■ Exercise:
Exact repetition of a range: find the line containing "To program a" and the line containing "Present settings are" in the material below, then repeat both and all lines between them, leaving pictures out.
Data for this exercise below:
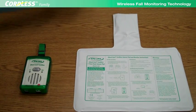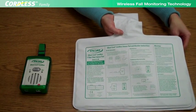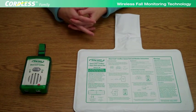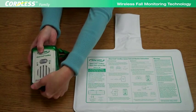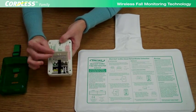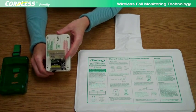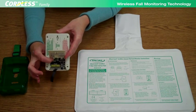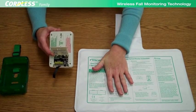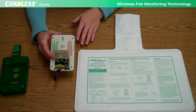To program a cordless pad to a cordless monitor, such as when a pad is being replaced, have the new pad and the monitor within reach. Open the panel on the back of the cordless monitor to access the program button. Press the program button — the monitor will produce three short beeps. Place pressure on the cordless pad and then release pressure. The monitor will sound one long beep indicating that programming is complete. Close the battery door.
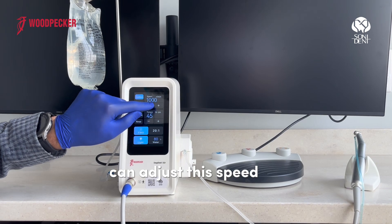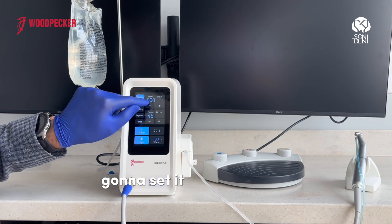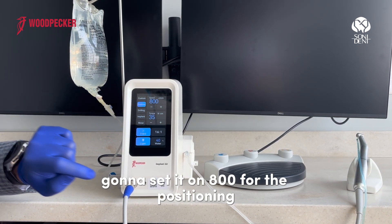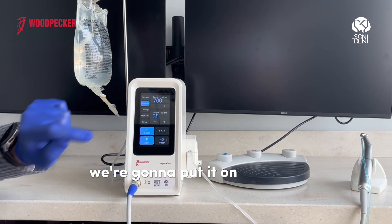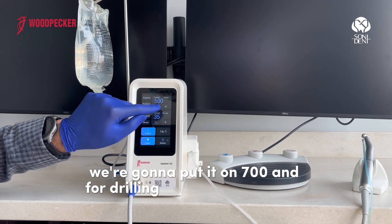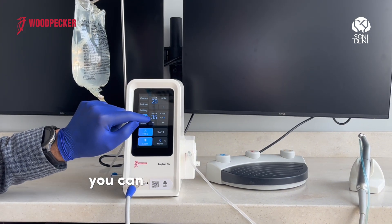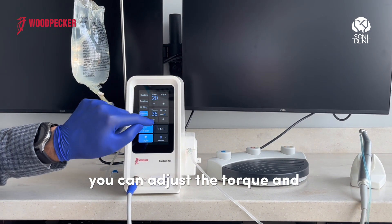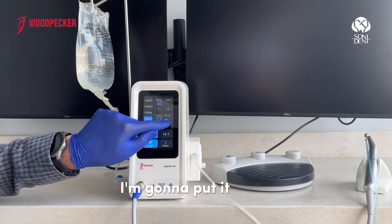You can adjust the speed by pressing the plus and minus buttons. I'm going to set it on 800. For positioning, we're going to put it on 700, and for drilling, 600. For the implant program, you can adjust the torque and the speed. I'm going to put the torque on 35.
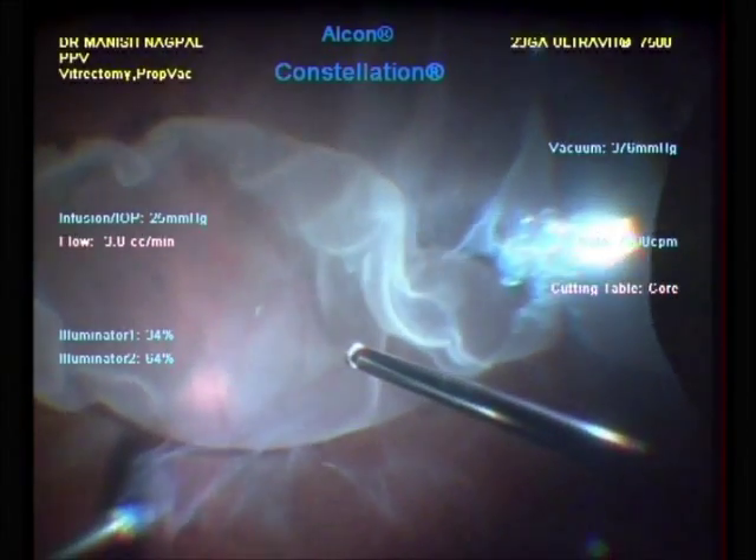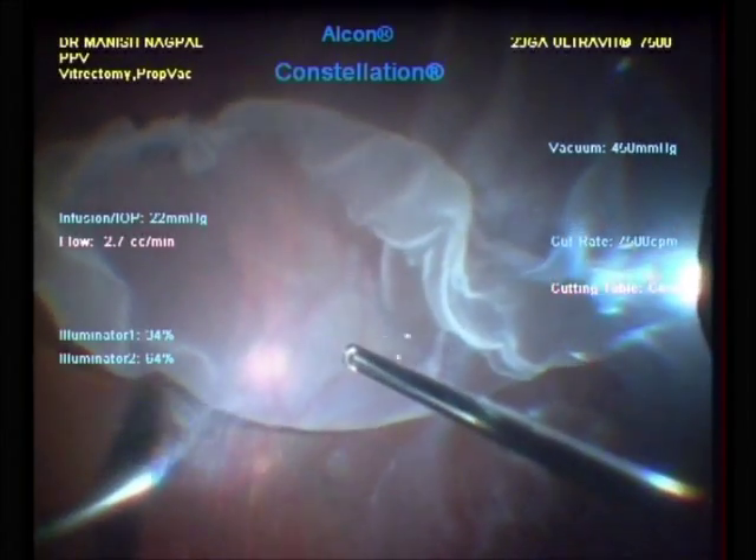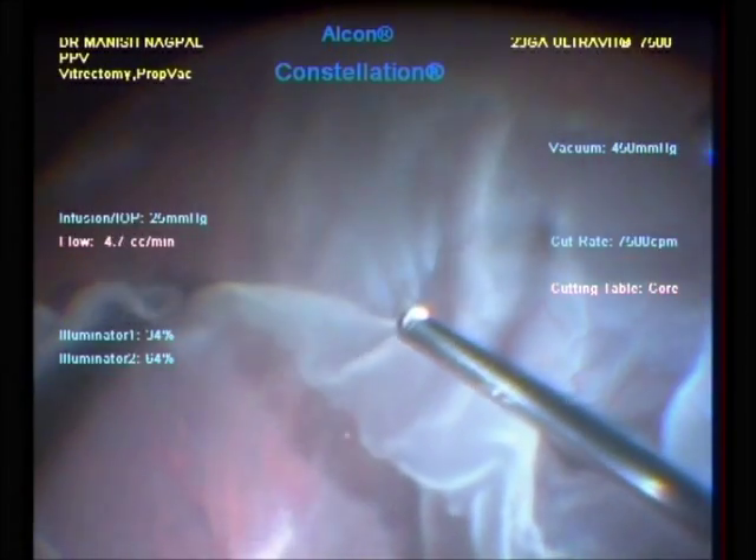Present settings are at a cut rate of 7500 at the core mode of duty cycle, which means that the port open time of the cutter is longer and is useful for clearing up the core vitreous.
End of Data for this exercise.
Data for this exercise below:
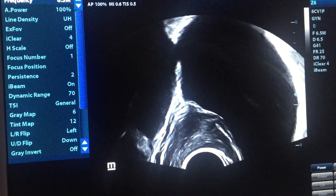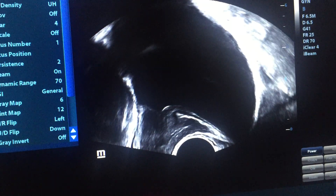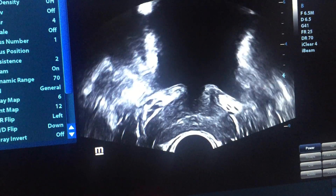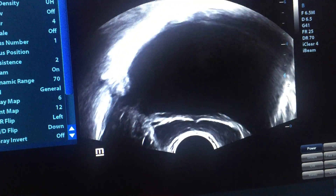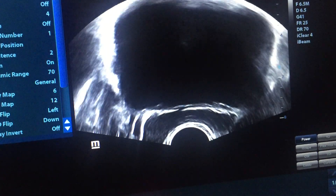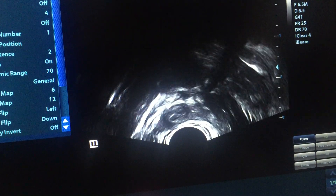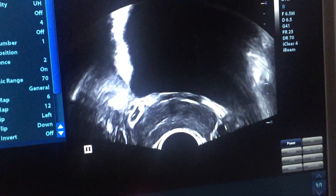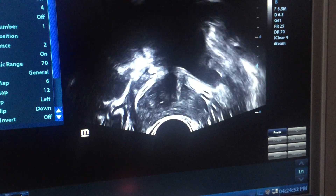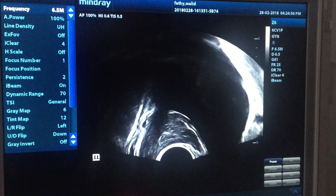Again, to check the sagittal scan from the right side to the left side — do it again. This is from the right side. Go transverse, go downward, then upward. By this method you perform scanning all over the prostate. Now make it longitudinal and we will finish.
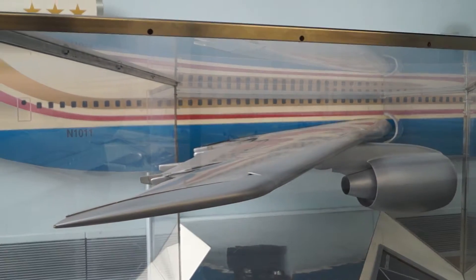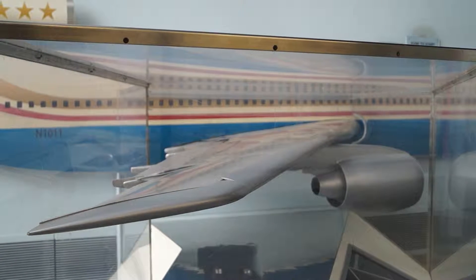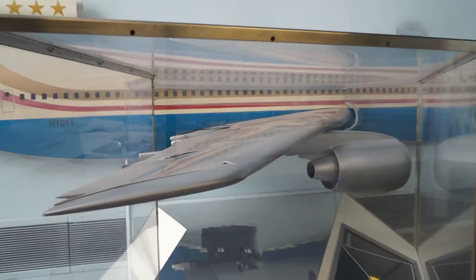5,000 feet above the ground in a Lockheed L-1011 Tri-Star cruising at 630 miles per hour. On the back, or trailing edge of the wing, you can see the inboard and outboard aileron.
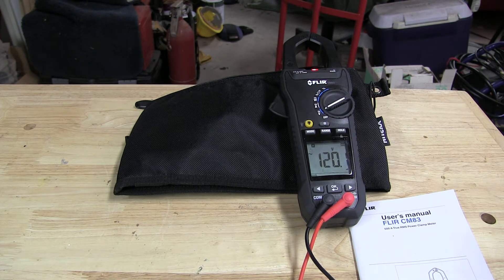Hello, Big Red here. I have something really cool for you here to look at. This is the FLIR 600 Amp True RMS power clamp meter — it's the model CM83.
End of Data for this exercise.
Data for this exercise below:
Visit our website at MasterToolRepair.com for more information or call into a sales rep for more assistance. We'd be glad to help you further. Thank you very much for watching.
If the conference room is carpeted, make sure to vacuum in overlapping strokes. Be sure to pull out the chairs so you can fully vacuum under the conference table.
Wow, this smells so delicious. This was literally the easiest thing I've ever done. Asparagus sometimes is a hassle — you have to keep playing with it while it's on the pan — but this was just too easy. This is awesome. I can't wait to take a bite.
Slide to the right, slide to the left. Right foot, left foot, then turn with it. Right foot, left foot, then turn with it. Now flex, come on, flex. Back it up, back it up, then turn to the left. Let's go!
End of Data for this exercise.
■ Expected output:
To program a cordless pad to a cordless monitor, such as when a pad is being replaced, have the new pad and the monitor within reach. Open the panel on the back of the cordless monitor to access the program button. Press the program button — the monitor will produce three short beeps. Place pressure on the cordless pad and then release pressure. The monitor will sound one long beep indicating that programming is complete. Close the battery door.
You can adjust the speed by pressing the plus and minus buttons. I'm going to set it on 800. For positioning, we're going to put it on 700, and for drilling, 600. For the implant program, you can adjust the torque and the speed. I'm going to put the torque on 35.
Present settings are at a cut rate of 7500 at the core mode of duty cycle, which means that the port open time of the cutter is longer and is useful for clearing up the core vitreous.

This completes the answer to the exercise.